[RECORDS FOR THIS TASK Boundary: Start]
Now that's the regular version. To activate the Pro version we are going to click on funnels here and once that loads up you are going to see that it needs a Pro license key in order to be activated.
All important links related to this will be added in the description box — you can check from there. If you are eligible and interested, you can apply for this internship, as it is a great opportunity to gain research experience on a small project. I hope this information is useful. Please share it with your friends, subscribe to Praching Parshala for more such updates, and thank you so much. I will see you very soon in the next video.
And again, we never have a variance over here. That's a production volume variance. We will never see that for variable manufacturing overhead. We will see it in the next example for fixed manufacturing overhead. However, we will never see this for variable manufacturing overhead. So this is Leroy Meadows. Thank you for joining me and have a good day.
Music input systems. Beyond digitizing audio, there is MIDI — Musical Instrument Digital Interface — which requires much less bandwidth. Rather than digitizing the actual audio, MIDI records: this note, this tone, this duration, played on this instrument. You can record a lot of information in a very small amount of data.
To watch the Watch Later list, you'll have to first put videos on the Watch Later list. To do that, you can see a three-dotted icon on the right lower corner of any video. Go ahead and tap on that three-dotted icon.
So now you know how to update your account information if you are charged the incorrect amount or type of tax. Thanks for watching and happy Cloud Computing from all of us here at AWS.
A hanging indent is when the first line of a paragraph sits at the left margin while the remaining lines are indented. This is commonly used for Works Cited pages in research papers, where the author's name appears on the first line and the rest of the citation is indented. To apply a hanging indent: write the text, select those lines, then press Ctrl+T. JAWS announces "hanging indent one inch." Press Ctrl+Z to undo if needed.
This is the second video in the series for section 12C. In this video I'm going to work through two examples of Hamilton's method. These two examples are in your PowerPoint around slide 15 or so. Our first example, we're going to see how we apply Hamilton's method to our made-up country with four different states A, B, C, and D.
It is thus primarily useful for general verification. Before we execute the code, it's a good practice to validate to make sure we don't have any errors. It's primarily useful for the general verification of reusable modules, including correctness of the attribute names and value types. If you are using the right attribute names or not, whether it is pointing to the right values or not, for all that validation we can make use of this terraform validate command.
[RECORDS FOR THIS TASK Boundary: End]
■ **WORK TO COMPLETE**
From the records above, print exactly the lines that run from the line with "To watch the" to the line with "A hanging indent is", inclusive.

■ **REPLY**
To watch the Watch Later list, you'll have to first put videos on the Watch Later list. To do that, you can see a three-dotted icon on the right lower corner of any video. Go ahead and tap on that three-dotted icon.
So now you know how to update your account information if you are charged the incorrect amount or type of tax. Thanks for watching and happy Cloud Computing from all of us here at AWS.
A hanging indent is when the first line of a paragraph sits at the left margin while the remaining lines are indented. This is commonly used for Works Cited pages in research papers, where the author's name appears on the first line and the rest of the citation is indented. To apply a hanging indent: write the text, select those lines, then press Ctrl+T. JAWS announces "hanging indent one inch." Press Ctrl+Z to undo if needed.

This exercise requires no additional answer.